John Kirby, a spokesperson for the National Security Council, would not confirm the counteroffensive has begun and referred questions to the Ukrainian Armed Forces. But he stressed that Kyiv has been conducting a more “localized” counteroffensive for weeks.
“The idea of going on the offense is not new to the Ukrainians, and they have been taking the fight to the Russians inside their country,” Kirby said, noting that the HIMARS, in particular, has made a significant difference in the fight.
The system, along with precision-guided rockets, has allowed Ukraine to strike behind Russian lines and pushed Moscow into defensive positions, Kirby said.
The conflict has offered the U.S. the rare opportunity to assess the HIMARS capability, and that of Russian defenses in action, one of the DoD officials said. U.S. officials are “a little surprised” at how well the HIMARS is performing — and by how poorly Russian defensive capabilities have fared against the attacks, the person said.
“The Ukrainians are doing very well at what they are doing with them and how they are employing them, but we are also learning that they are able to get through a lot of Russian systems,” the person said.
The next question, one of the DoD officials said, is whether Russian forces decide to surrender the captured territory in the south or reposition units from the fight in the east.

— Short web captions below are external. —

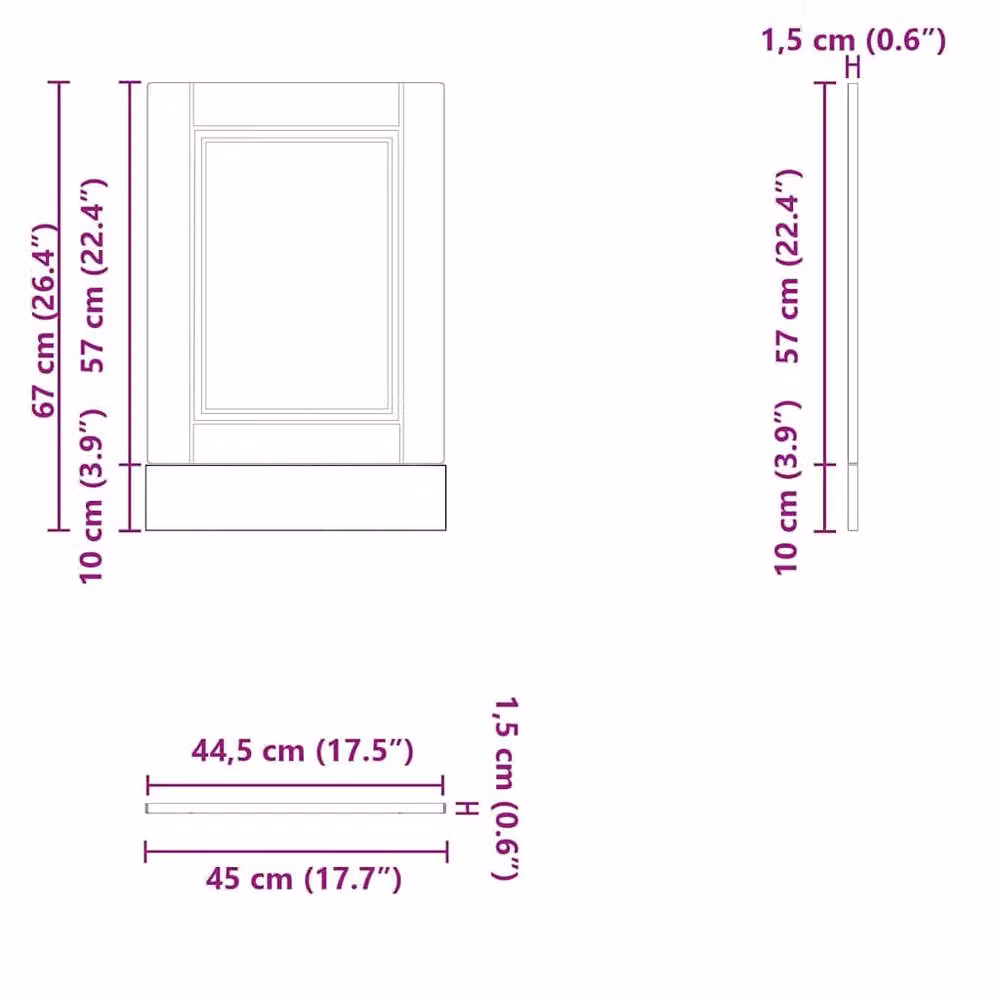 Berkfield Home Porto Artisan Oak Decorative Dishwasher Panel, Brown, W: 45 cm, H: 67 cm – 2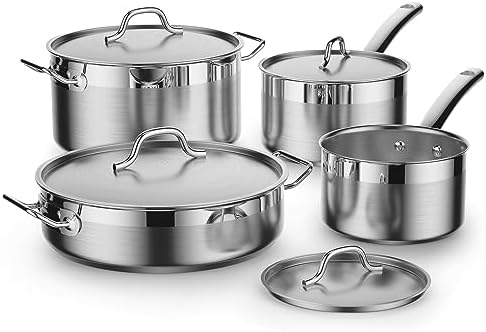 Cooks Standard Professional Cookware Set, Stainless Steel Pots Kitchen Set Includes Saucepans, Sauté Pan, Dutch Oven with Lids - Induction Compatible, 8-Piece by CooksStandard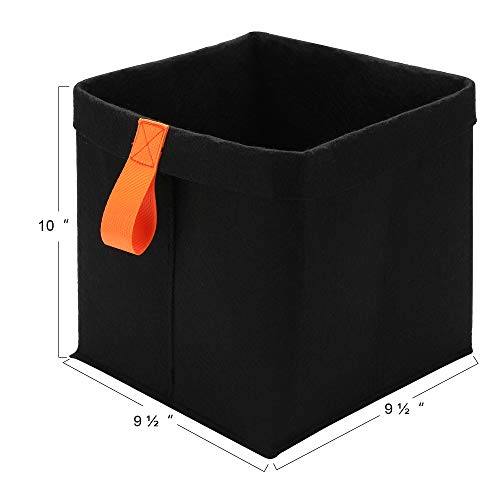 WELAXY storage baskets Felt Foldable Storage Cube bin Shelf Bins with loops handle for Junk keys small things accessories storage and organize 3 pack (Black)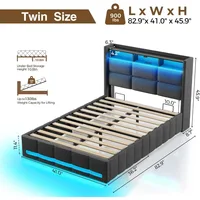 Bed Frame Full Size with Lift Up Storage, Charging Station LED Lights,Upholstered Storage Headboard,Heavy Duty Wooden Slats 2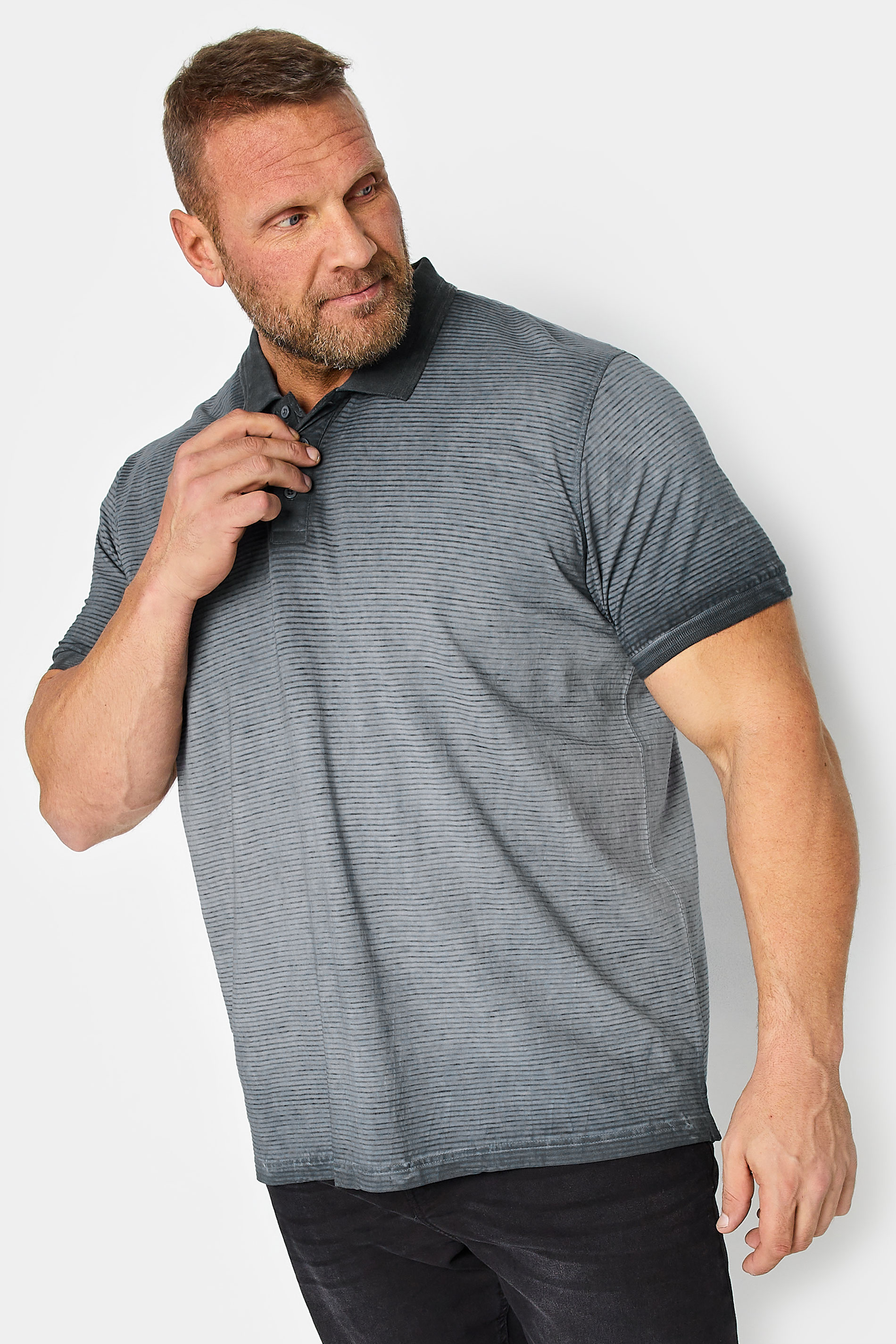 BadRhino Big & Tall Grey Striped Polo Shirt | BadRhino 2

Kirby said Moscow has already had to pull resources from the fight in the Donbas, where Russia has concentrated most of its forces, due to reports that Ukraine might be going on the offensive in the south.
“They’ve had to deplete units from certain areas in the east and in the Donbas to respond to what they clearly believe was a looming threat of a counteroffensive,” Kirby said. “From a strategic perspective, it has already had an effect on Russian military capability inside Ukraine.”
Upriver from Kherson, a team from the United Nations nuclear watchdog is expected to inspect the Zaporizhzhia nuclear plant, which was captured by Russian forces in March and has become a dangerous frontline in the conflict.
Russia has “essentially militarized” the power plant, which is still manned by Ukrainians, by stationing weapons and soldiers there, Kirby said.
“We continue to believe that a controlled shutdown of Zaporizhzhia nuclear reactors would be the safest and least risky option in the near term, “Kirby said.